[Opening Supplied information section]

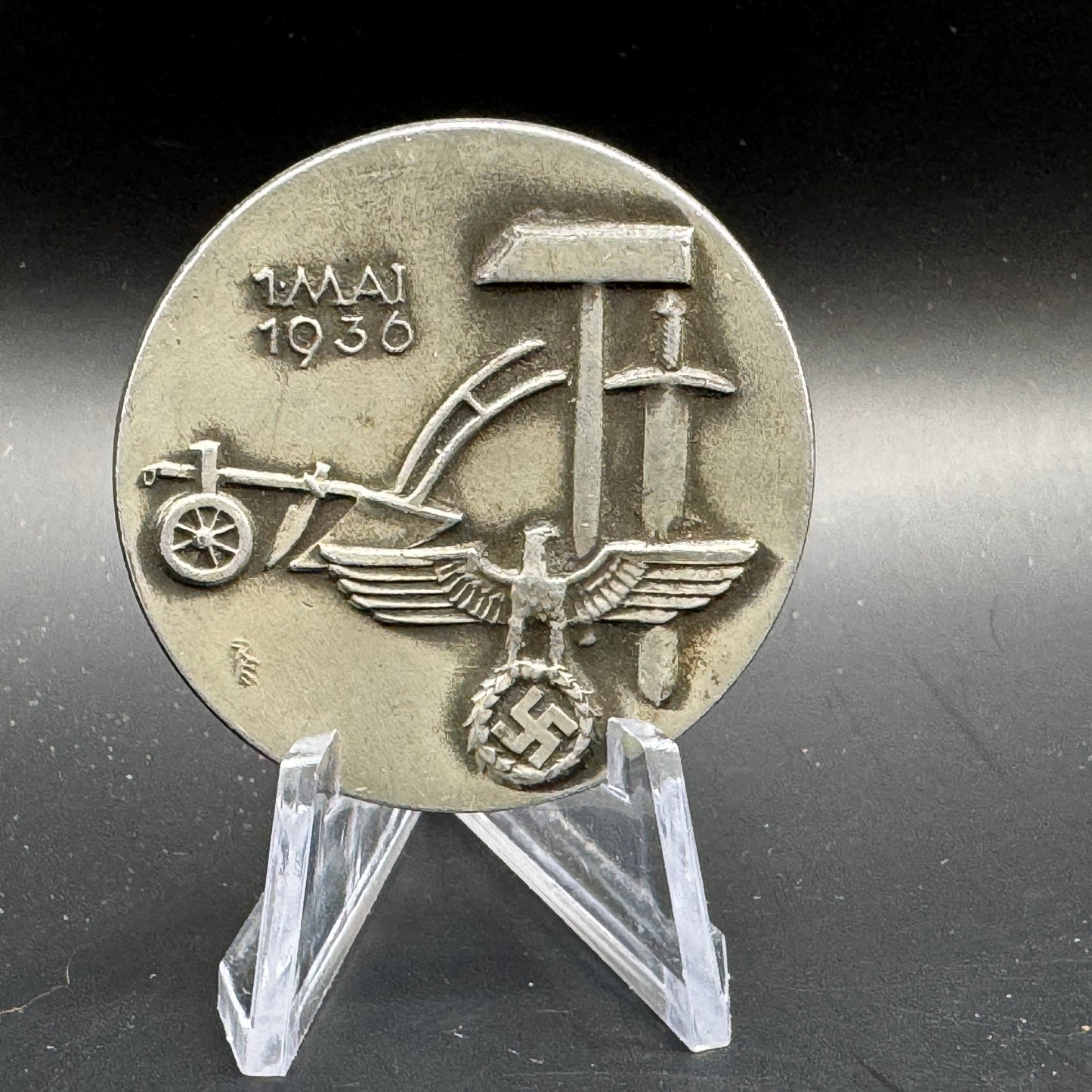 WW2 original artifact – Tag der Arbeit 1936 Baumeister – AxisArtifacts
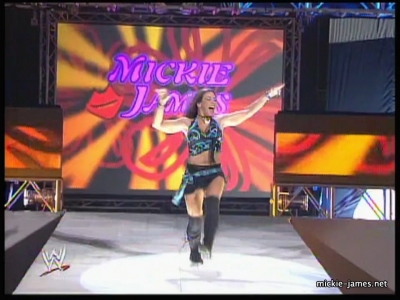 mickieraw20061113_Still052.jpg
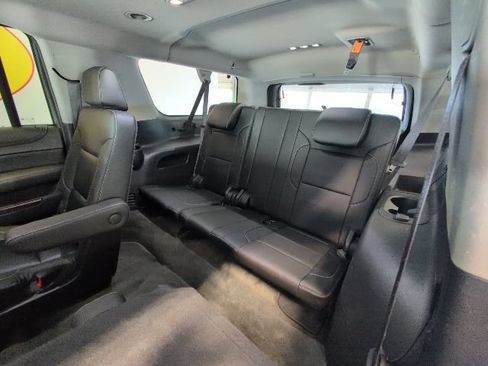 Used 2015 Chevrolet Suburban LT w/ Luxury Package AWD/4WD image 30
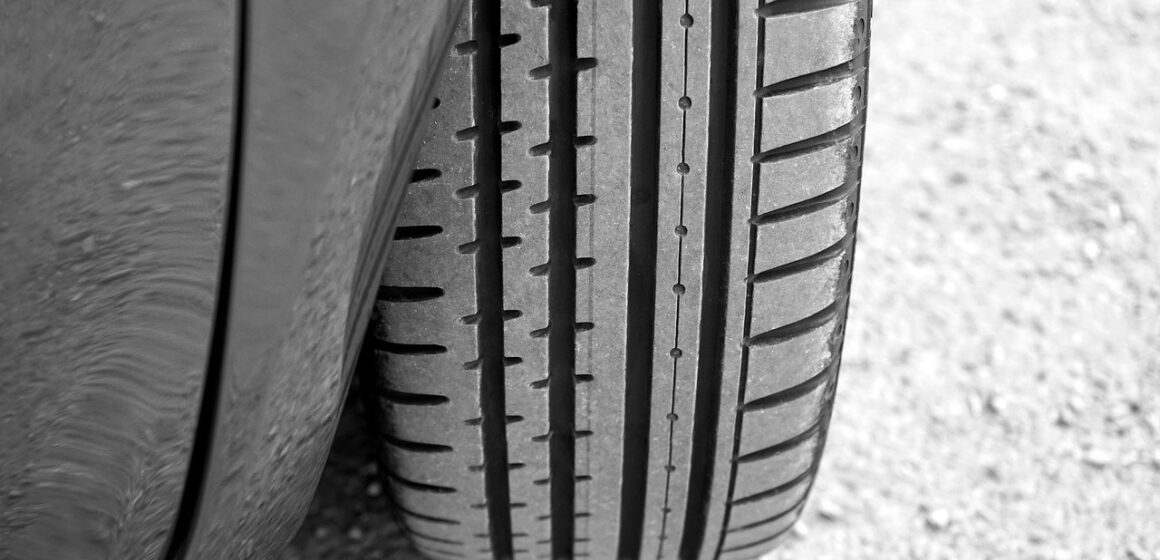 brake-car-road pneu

[Closing Supplied information section]

> _Task brief_:
Set the listing above down again exactly, leaving pictures out.

> _Expected answer_:
 WW2 original artifact – Tag der Arbeit 1936 Baumeister – AxisArtifacts
 mickieraw20061113_Still052.jpg
 Used 2015 Chevrolet Suburban LT w/ Luxury Package AWD/4WD image 30
 brake-car-road pneu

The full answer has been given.